AIG Slams Bank of America at Settlement Hearing


The Article 77 hearing in Justice Barbara Kapnick's courtroom in Manhattan may have gotten off to a slow start, but a lot of action has taken place in only two days. The question of whether or not Bank of New York Mellon acted reasonably in negotiating the $8.5 billion settlement between 22 institutional investors and Bank of America has been asked, with some very interesting opening arguments from BONY and AIG , the settlement's biggest detractor.

Commentary not very positive for B of A
Since the hearing is about BONY's judgment, the bank's attorney, Matthew Ingber ticked off several points indicating that the decision to settle was fair and reasonable, based on the information the bank had at its disposal at the time. As Mark Palmer of BTIG Research notes, though, much of that information has since been invalidated.
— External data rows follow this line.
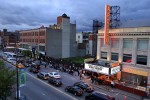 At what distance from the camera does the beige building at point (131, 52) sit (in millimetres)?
38375

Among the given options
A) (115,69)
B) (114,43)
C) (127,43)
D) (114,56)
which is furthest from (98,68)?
(127,43)

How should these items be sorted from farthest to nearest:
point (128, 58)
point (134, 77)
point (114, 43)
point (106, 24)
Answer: point (114, 43)
point (106, 24)
point (128, 58)
point (134, 77)

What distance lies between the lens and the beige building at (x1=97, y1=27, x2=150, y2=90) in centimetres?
3838

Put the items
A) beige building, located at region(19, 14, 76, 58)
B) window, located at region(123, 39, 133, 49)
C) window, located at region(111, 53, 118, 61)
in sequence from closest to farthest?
window, located at region(123, 39, 133, 49) < window, located at region(111, 53, 118, 61) < beige building, located at region(19, 14, 76, 58)

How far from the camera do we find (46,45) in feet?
253

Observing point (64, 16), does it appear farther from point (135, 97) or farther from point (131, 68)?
point (135, 97)

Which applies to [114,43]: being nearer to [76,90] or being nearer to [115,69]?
[115,69]

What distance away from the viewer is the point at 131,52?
135 feet

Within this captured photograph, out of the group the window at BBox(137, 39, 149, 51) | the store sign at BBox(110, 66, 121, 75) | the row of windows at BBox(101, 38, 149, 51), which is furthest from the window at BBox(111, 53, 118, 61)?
the window at BBox(137, 39, 149, 51)

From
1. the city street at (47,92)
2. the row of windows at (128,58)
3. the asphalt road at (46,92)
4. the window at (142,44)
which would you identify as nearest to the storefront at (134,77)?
the row of windows at (128,58)

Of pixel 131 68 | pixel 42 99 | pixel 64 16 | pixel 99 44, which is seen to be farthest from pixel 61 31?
pixel 42 99

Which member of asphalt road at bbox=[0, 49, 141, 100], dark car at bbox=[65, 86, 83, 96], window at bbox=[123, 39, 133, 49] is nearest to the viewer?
asphalt road at bbox=[0, 49, 141, 100]

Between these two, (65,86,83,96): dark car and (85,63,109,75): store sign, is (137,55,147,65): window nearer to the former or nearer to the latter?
(85,63,109,75): store sign

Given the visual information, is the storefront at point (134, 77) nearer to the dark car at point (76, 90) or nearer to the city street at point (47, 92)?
the city street at point (47, 92) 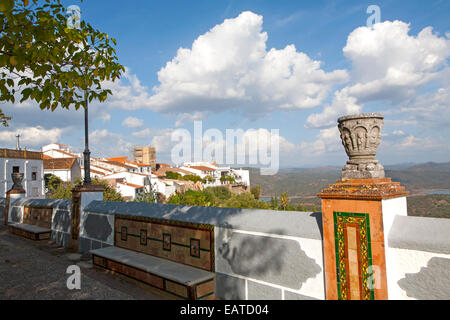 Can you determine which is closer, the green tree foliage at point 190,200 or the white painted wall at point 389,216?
the white painted wall at point 389,216

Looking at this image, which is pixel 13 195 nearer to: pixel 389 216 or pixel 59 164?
pixel 389 216

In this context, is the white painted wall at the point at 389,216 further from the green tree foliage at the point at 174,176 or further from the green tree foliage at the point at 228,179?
the green tree foliage at the point at 228,179

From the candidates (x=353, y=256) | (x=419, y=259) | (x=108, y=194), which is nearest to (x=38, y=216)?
(x=353, y=256)

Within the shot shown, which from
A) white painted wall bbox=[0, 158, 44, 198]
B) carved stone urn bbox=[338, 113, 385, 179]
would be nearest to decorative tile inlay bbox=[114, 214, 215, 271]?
carved stone urn bbox=[338, 113, 385, 179]

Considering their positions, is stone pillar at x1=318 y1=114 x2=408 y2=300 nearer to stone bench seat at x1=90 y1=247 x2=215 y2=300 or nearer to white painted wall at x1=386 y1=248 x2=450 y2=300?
white painted wall at x1=386 y1=248 x2=450 y2=300

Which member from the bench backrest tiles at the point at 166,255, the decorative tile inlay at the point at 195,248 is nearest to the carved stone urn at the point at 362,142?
the bench backrest tiles at the point at 166,255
For example, expert witness Professor Robert Daines, of Stanford Law School, was of the opinion that the state of Delaware, with its very stringent laws regarding de facto mergers and successor liability, would hear this case. Of course, the venue was changed to New York, which has a less rigorous test in place for this type of issue.
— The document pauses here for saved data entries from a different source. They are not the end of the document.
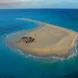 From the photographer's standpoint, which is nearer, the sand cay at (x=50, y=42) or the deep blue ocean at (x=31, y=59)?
the deep blue ocean at (x=31, y=59)

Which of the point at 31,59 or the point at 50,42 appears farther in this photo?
the point at 50,42

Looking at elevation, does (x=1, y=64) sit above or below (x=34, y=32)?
below

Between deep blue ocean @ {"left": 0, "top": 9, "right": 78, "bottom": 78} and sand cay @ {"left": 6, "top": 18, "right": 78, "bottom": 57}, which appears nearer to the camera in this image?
deep blue ocean @ {"left": 0, "top": 9, "right": 78, "bottom": 78}

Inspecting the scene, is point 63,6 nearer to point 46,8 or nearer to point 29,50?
point 46,8

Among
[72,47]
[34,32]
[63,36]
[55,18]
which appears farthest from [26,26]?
[72,47]

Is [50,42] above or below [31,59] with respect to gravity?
above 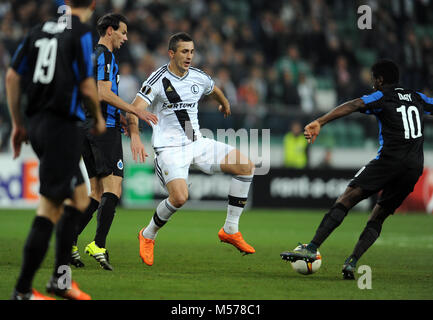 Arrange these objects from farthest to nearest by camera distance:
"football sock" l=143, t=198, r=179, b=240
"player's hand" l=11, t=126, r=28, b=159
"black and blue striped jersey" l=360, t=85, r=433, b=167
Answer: "football sock" l=143, t=198, r=179, b=240 → "black and blue striped jersey" l=360, t=85, r=433, b=167 → "player's hand" l=11, t=126, r=28, b=159

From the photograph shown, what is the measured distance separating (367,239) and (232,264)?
1693mm

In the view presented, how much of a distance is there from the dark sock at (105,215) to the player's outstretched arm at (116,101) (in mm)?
1003

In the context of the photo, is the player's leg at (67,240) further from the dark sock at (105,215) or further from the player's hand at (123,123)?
the player's hand at (123,123)

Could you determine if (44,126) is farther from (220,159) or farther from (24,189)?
(24,189)

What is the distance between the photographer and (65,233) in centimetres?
571

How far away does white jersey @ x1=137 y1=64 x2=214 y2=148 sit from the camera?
28.7 feet

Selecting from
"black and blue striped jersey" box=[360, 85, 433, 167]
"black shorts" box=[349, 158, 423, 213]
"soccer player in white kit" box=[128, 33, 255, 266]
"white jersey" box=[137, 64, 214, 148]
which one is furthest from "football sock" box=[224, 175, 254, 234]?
"black and blue striped jersey" box=[360, 85, 433, 167]

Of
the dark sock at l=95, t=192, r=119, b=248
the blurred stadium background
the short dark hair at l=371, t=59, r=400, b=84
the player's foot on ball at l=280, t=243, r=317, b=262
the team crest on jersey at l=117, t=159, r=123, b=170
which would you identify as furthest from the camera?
the blurred stadium background

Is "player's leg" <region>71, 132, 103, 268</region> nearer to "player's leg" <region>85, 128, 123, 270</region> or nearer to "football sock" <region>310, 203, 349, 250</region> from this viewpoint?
"player's leg" <region>85, 128, 123, 270</region>

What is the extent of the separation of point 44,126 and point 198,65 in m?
13.5

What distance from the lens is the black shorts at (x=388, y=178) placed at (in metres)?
7.56

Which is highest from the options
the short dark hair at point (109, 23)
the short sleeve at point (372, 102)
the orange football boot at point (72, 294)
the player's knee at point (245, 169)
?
the short dark hair at point (109, 23)

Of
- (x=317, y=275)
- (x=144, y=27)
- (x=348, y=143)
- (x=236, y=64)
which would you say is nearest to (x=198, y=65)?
(x=236, y=64)

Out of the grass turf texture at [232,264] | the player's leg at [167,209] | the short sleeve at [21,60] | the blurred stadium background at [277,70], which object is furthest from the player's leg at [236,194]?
the blurred stadium background at [277,70]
Another point concerns testimony by Professor Barry Adler of the New York University of Law. In his opinion, Bank of America's liability should be tied to the losses that were specifically due to any breach of representation or warranty. Unfortunately for B of A, this argument won't hold water, since many rulings over the past two years have come down on the side of plaintiffs not having to show that such a breach caused their losses.

AIG has its turn
AIG's lawyer also spoke, stating that not only was the settlement amount much too low, but that there was collusion between the two big banks that kept the process from being equitable to the complainants. According to AIG, BONY should have sued to obtain pertinent loan files that B of A declined to turn over to the negotiators, so the true extent of the investors' losses could have been determined.

The insurer also jabbed at BlackRock , another institutional investor that has since pulled its objections to the settlement, alleging a "cozy" relationship between the equity firm and B of A, according to The Wall Street Journal. Lastly, AIG saw Bank of America's coverage of legal fees for trustee BONY and the group of investors as further proof of a flawed resolution procedure.
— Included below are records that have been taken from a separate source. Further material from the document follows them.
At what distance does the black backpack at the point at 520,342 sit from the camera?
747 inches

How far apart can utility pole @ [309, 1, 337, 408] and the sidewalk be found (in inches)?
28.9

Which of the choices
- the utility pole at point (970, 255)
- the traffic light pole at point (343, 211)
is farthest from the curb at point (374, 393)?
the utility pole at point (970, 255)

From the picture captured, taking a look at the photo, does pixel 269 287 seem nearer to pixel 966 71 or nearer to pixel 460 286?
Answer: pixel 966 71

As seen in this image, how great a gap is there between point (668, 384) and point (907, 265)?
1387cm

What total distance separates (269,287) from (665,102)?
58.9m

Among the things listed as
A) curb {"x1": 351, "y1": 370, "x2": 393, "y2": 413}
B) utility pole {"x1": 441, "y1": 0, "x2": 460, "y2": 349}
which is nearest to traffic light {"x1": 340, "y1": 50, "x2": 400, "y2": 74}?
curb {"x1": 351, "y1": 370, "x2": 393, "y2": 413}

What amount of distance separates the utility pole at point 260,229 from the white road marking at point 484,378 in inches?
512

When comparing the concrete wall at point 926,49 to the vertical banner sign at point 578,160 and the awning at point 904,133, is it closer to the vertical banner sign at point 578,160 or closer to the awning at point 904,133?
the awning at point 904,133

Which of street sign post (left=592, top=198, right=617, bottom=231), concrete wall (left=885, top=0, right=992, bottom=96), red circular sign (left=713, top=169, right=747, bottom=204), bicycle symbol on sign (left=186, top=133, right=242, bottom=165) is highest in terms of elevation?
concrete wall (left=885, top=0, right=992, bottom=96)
How does it look for B of A?
While Ingber's arguments certainly help explain why BONY made the decisions it did back in 2011, the fact remains that much of the basis for that decision is no longer applicable. The New York venue will clearly make issues of successor liability less of a slam-dunk for Bank of America, and legal rulings made since the original deal was struck obviously lessen the likelihood that the investors will be required to prove the source of their losses.

As for AIG's allegations, counsel representing the other investors said there was no collusion, but also noted that taking the deal was preferable to taking a chance that B of A would allow Countrywide to go bankrupt. This, apparently, was a real concern -- one brought out by B of A's own Chief Risk Officer back in 2011. Put that way, the decision to settle looks more conflicted -- and at the same time, calls the appropriateness of the agreed-upon $8.5 billion into question, particularly when counsel for the non-objectors noted that $32 billion was the number floated to represent investor losses at the time of the original negotiations.

Judge Kapnick has acknowledged that this case won't be settled by the end of this month, so much more information will be forthcoming in the next few weeks. So far, though, none of it is looking terribly promising for Bank of America, or regarding the solidity of the agreement in question.